Belvedere has a long history of commission work in and around the Pagosa Springs area, most of which consists of installation projects. Here is quick look into the planning and inspiration behind the Thunderbird Project.
The Thunderbird is a mythical creature orginating within the cultures of indigenous peoples of North America (most notably with the Peoples of the Pacific Northwest) so we give credit to those cultures for this concept and basic design. The Thunderbird is a spirit being and is related to lightening and storms. It is said that when the sound of thunder is heard, that sound is the Thunderbird beating its wings. It held great importance for its roll in creating storms and in bringing water to the Earth.
The use of this symbol in our project would be within the family home of a historic local cattle ranch which had recently changed ownership.

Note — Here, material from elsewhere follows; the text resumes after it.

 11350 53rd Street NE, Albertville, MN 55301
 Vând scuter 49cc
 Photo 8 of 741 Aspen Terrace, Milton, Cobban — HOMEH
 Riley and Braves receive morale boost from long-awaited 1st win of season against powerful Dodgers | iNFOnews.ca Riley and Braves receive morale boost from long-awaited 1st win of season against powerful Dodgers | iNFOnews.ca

The piece was specially made to grace the backsplash of a large and beautiful new stove. The design was made from a red/gold stoneware clay, hand-carved and hand-painted and fired to mid-range temperatures in oxidation.

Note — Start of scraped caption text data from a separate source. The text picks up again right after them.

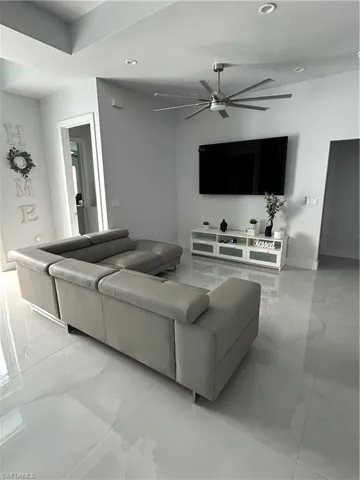 3423  24th SE AVE, Naples, FL 34117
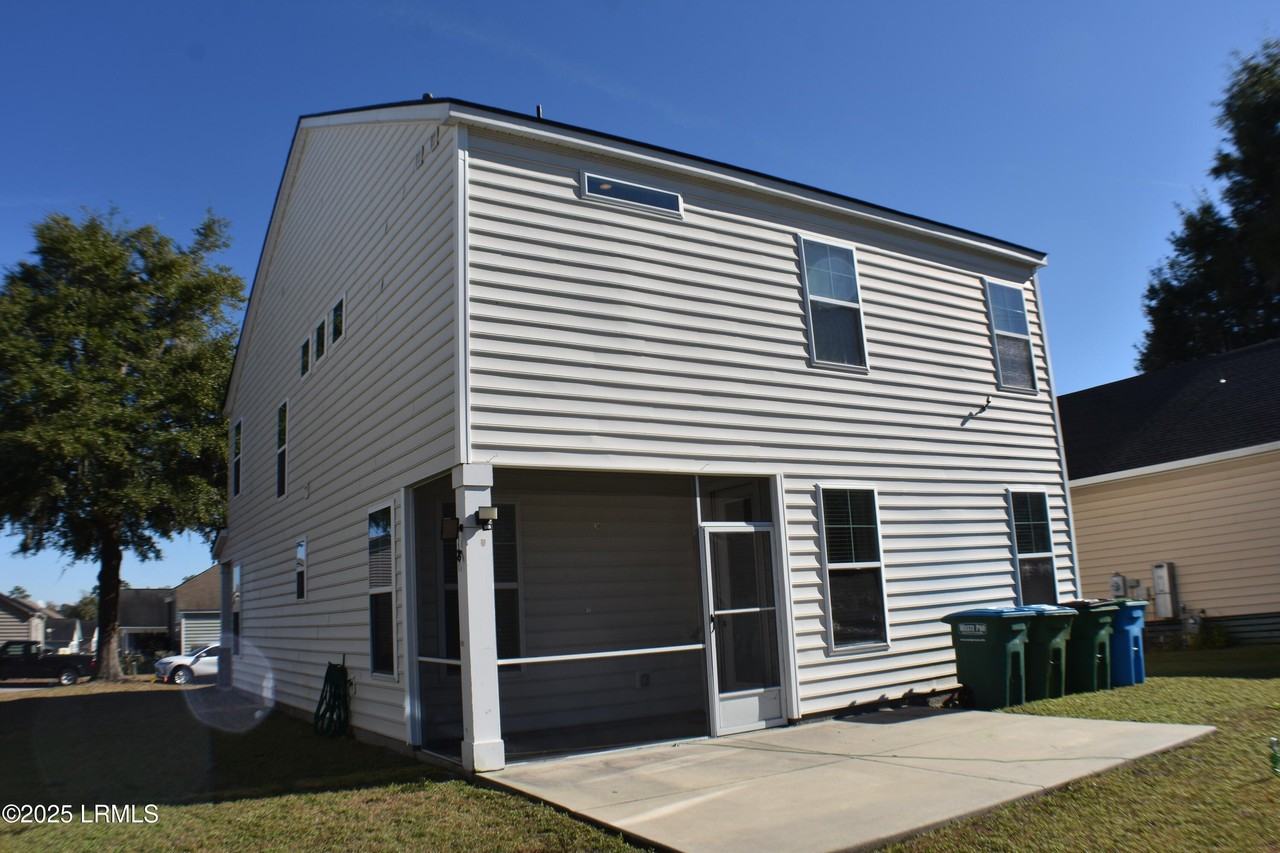 11 Kings Cross Ct - Photo 3 of 23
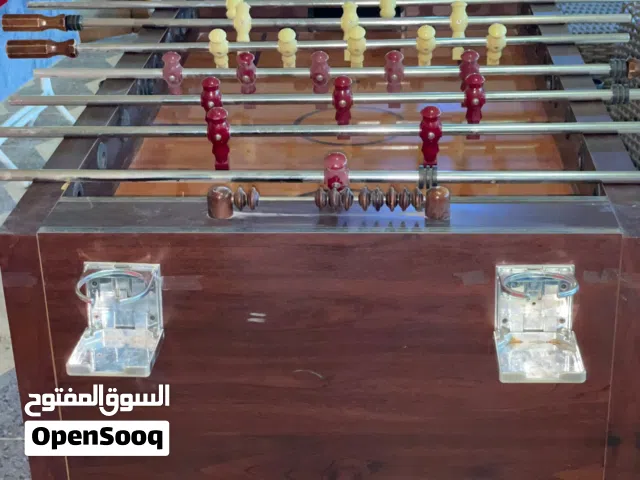 موجود طاوله بيبي فوت وتنس بيبي فوت دوليه بحاله الوكاله يعني دوليه انها خشبه ثقيل وعمرها طويل
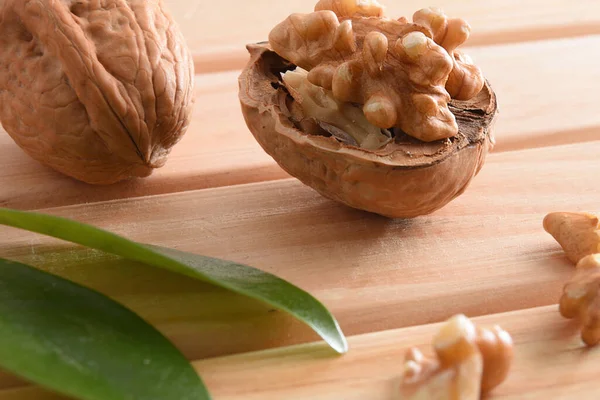 Detail Walnuts Wooden Table Broken Shell Pieces Elevated View — Stock Photo, Image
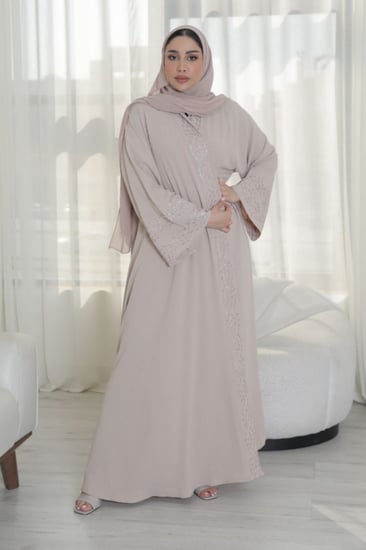 عباية بيج مطرزة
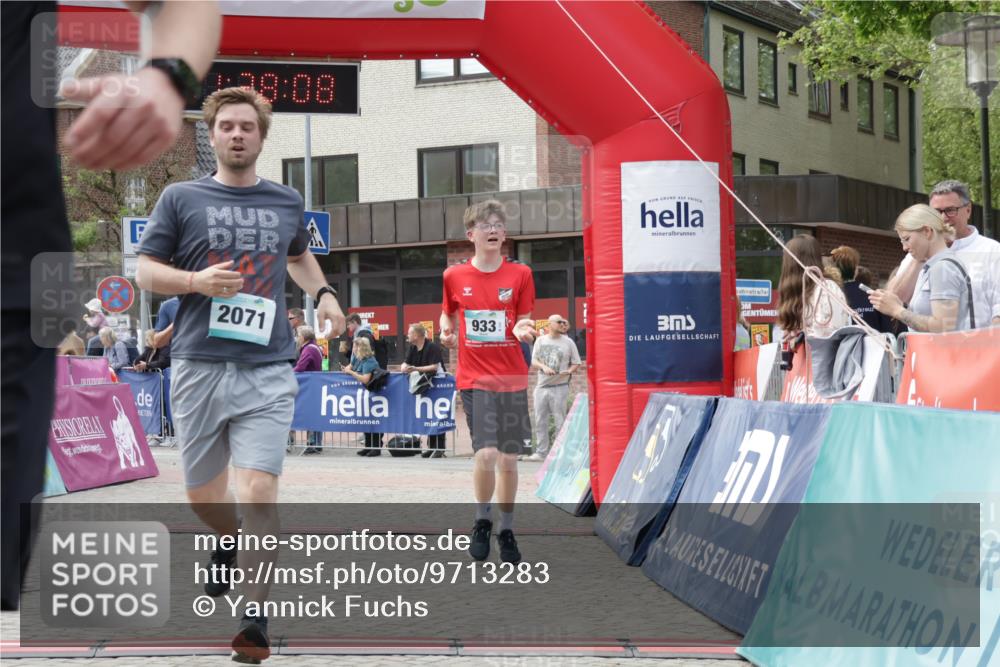 10.05.2026 - 8. Wedeler Halbmarathon Yannick Fuchs http://msf.ph/oto/9713283 10.05.2026 11:28:06 Ziel 855, 933, 2071, 2211 meine-sportfotos.de
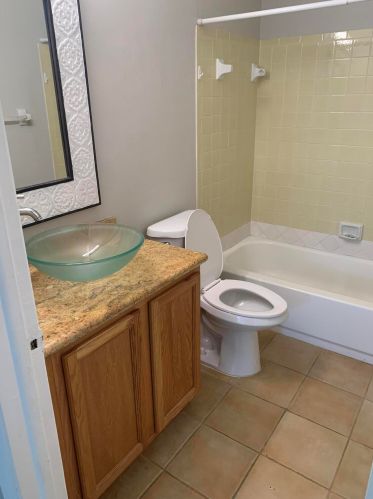 1350 Rivergreen Cir, Fort Pierce FL  34952-4131 exterior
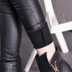 Quần da bó sát mới mùa xuân và mùa thu hoang dã eo cao đã mỏng bên ngoài mặc quần legging thun mờ chân quần nữ quần kaki nữ Khởi động cắt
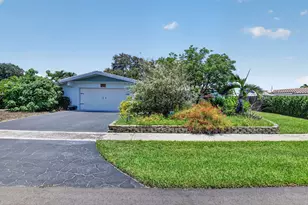 807 SW 3rd St, Boca Raton, FL 33486 - Photo 1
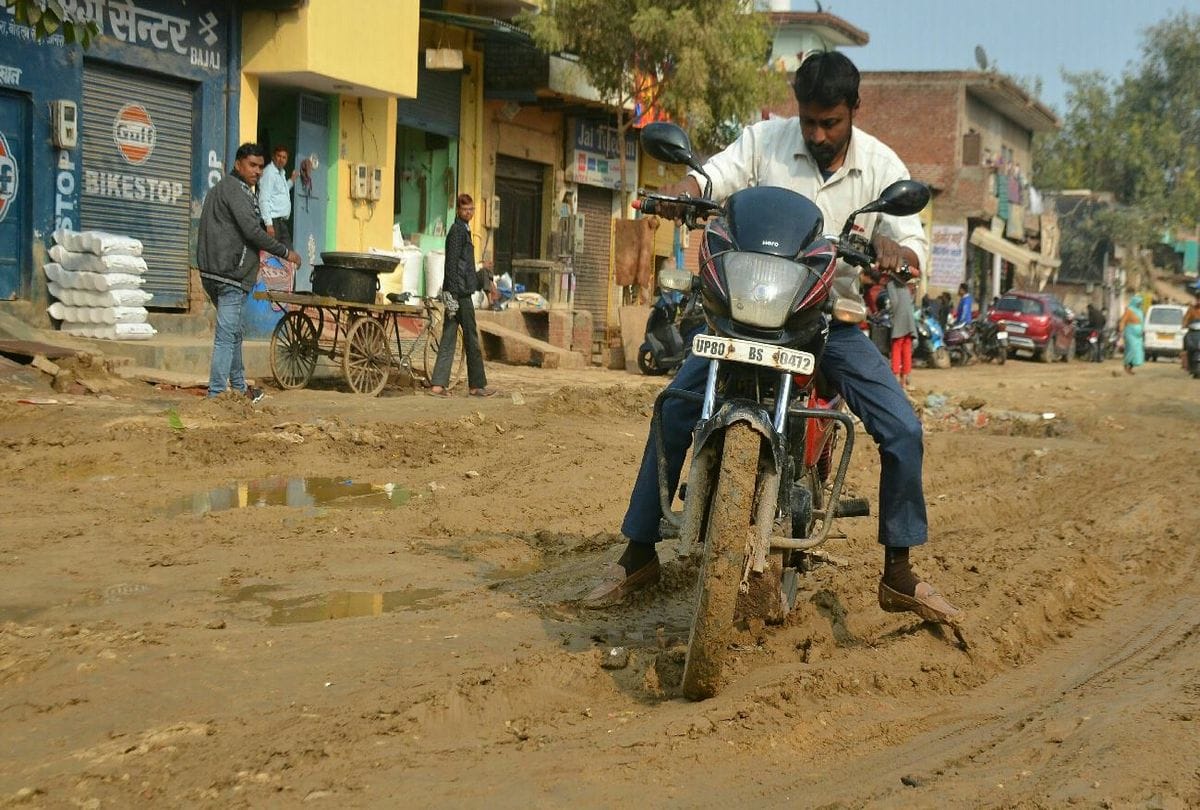 Sewer Line Increases Slippery Two Lakh People In Trouble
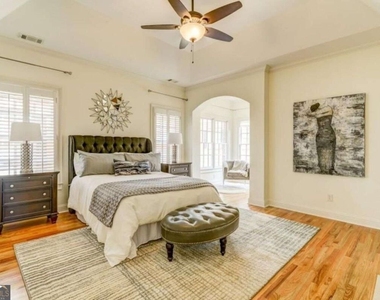 704 Longleaf Drive Ne - Photo Thumbnail 19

The project began with Susan visiting the ranch location to meet with the ranch managers who were in charge of the home’s remodel. Susan listened carefully, took detailed notes and measurements and let the feeling of the surroundings “soak in.” With that information as a starting point, Susan went back to her studio in Chromo and created a scaled color sketch which was presented to the ranch for approval. The preliminary steps of gathering information and refining a design, are time-consuming and critical to the overall success of the project. Once the sketch was approved, the actual work to create the ceramic bird was begun.

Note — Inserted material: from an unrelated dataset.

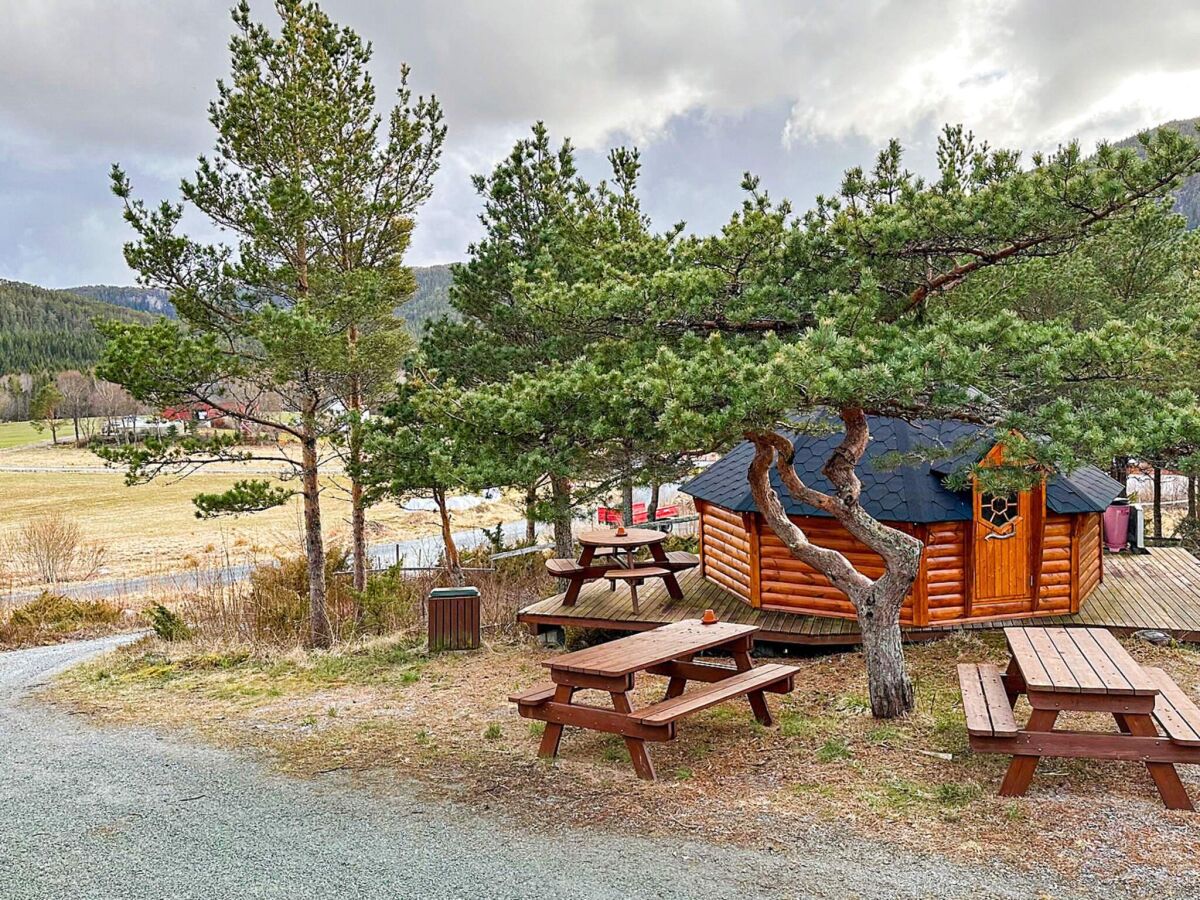 Holiday house 4 person holiday home in Lysøysundet - Outdoor photo 2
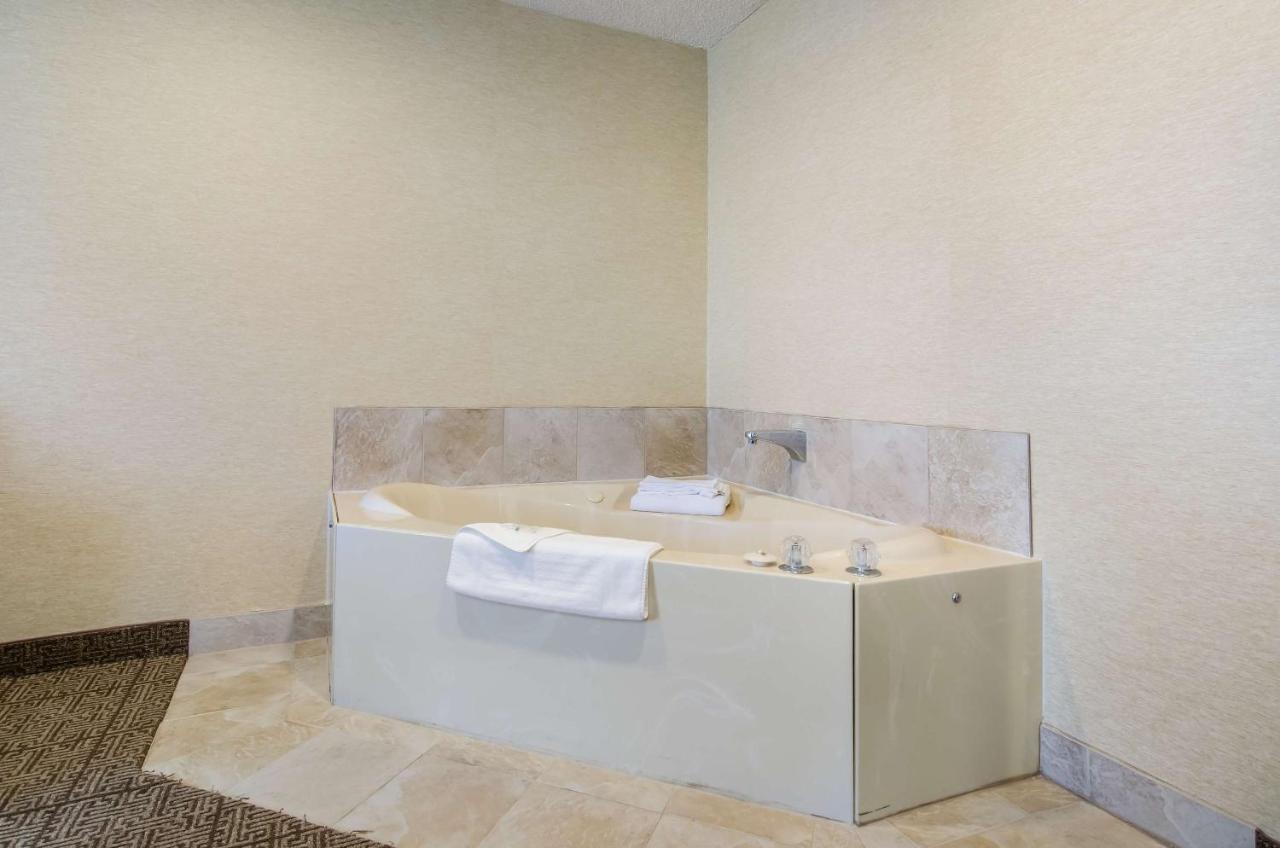 | Quality Inn Goodland, KS near Northwest Kansas Technical College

First, a clay cutting pattern was created to the proper size (shrinkage considered) and clay was rolled out and allowed to dry to the leather hard stage. Then the design pattern was incised into the clay and the tile pieces were cut out for the relief carving process. After the carving was finished, the piece was very slowly dried to the bone dry state, and it was then placed in a kiln for “bisque” firing which hardened the individual pieces. After the bisque fire, the tile pieces were washed with black/brown iron oxide to accent the relief carving and again fired to set the oxide. Finally, the design was hand-painted with both colorful underglazes and glazes and fired to stoneware temperatures. The Thunderbird was then installed into the kitchen backsplash wall, grouted and sealed for many years of enjoyment by the ranch’s new owners.